2a) We will first use one-way ANOVA to test whether sex significantly affects the mean takeoff velocity of the cats. Select Analyze → Fit Y by X, place velocity in the Y box, the categorical sex variable in the X Factor box and hit OK. Copy and paste the resulting graphical display into your document.

2b) State the null and alternative hypotheses for this research in the context of the question.

2c) Using the red triangle, select Means/Anova to conduct an analysis of variance on the data. Copy and paste the Analysis of Variance table into your document.

2d) Use your output from part 2c to make a decision concerning your hypotheses from part 2b. Justify your decision at the α = 0.05 level of significance.

2e) Now we will investigate correlations between the response variable velocity and the four quantitative explanatory variables of bodymass, hindlimb, musclemass and percentbodyfat by following the steps below:

Analyze → Multivariate Methods → Multivariate

Enter all five variables into the Y box

Click OK

Copy and paste the Correlations table into you document.

2f) You will notice that one of the explanatory variables is quite strongly correlated with the response variable and one has a particularly low correlation with the response variable. Name these two variables and provide values.

2g) looking at the correlations between the four explanatory variables, do you see any possible instances of multicollinearity occurring?  Explain and provide values.

2h) We will now fit a multiple regression model by using all four quantitative explanatory variables by following the steps below.

Analyze → Fit Model.

Enter velocity as the Y variable

Add the four quantitative explanatory variables in the “Construct Model Effects” box

Keep the default Personality as Standard Least Squares, and change the default Emphasis to Minimal Report.

Click Run

Copy and paste the following three tables into you document: “Summary of Fit”, “Analysis of Variance” and “Parameter Estimates” and use these tables to answer the following questions.

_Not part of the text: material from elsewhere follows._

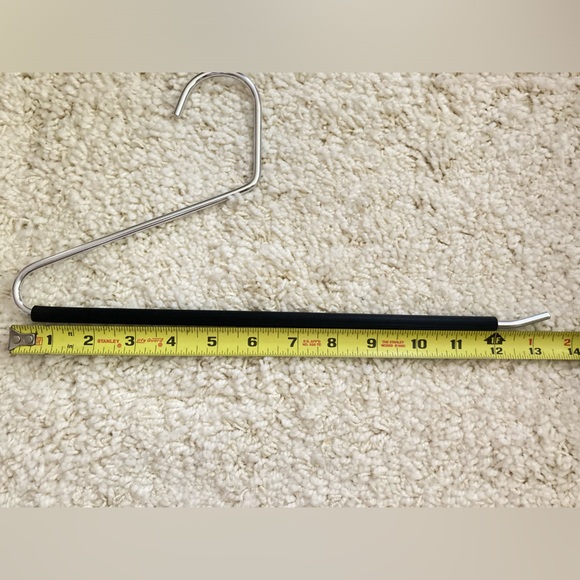 10 Chrome metal pant hangers - Picture 3 of 9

2i) Write the equation for predicting velocity from the explanatory variables. (Use three decimal places for all coefficient estimates.)

2j) What does the coefficient of the explanatory variable hindlimb mean in this model?

2k) State the value of the F-statistic and its p-value using the “Analysis of Variance” table and use these to comment on the adequacy of the overall model.

2l) Use the “Parameter Estimates” table to determine which of the explanatory variables are significant in the model. Explain by referring to the p-values for the individual variables.

2m) Evaluate, numerically, how well the model fits the data using the “Summary of Fit” table.

Question 3

3a) We will now use Stepwise Regression to let JMP select the “best” model.

Enter the variables as in 2h but now select Stepwise in the Personality box and click Run.  Now select the Backward direction, click on Enter All and click Go. Finally, click on the Run Model box at the top to select the “best” model.

Copy and paste the following three tables into you document: “Summary of Fit”, “Analysis of Variance” and “Parameter Estimates” and use these tables to answer the following four questions.

3b) Write the equation for predicting velocity from the explanatory variables selected by the Stepwise routine. (Use three decimal places for all coefficient estimates.)

3c) Use the adjusted R-squared value from this model to compare its fit to the fit obtained from the model in part 2m. Comment on any differences you observe.

3d) Refer back to your answer to part 2g, and comment on why JMP might have excluded variable(s) when selecting its “best” model through the Stepwise routine.

3e) Finally we will run assumption checks for this JMP Stepwise model. Click on the lower red triangle by Response Velocity and then click on Row Diagnostics to request the “Residual by Predicted Plot” and “Residual Normal Quantile Plot”. Copy and paste these two plots into your document. Use these residual plots to determine if this model is appropriate i.e. does it appear to satisfy the assumption checks?